Start of Record set
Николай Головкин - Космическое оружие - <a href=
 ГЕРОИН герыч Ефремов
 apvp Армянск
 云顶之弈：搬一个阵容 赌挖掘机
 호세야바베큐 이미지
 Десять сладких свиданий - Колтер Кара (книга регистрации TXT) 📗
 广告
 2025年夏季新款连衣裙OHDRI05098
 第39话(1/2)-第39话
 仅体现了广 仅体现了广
End of Record set
Goal of the exercise ::
In the entries above, find the line with "2025年夏季新款连衣裙OHDRI05098", then retype it and every line after it exactly.

The completed task ::
 2025年夏季新款连衣裙OHDRI05098
 第39话(1/2)-第39话
 仅体现了广 仅体现了广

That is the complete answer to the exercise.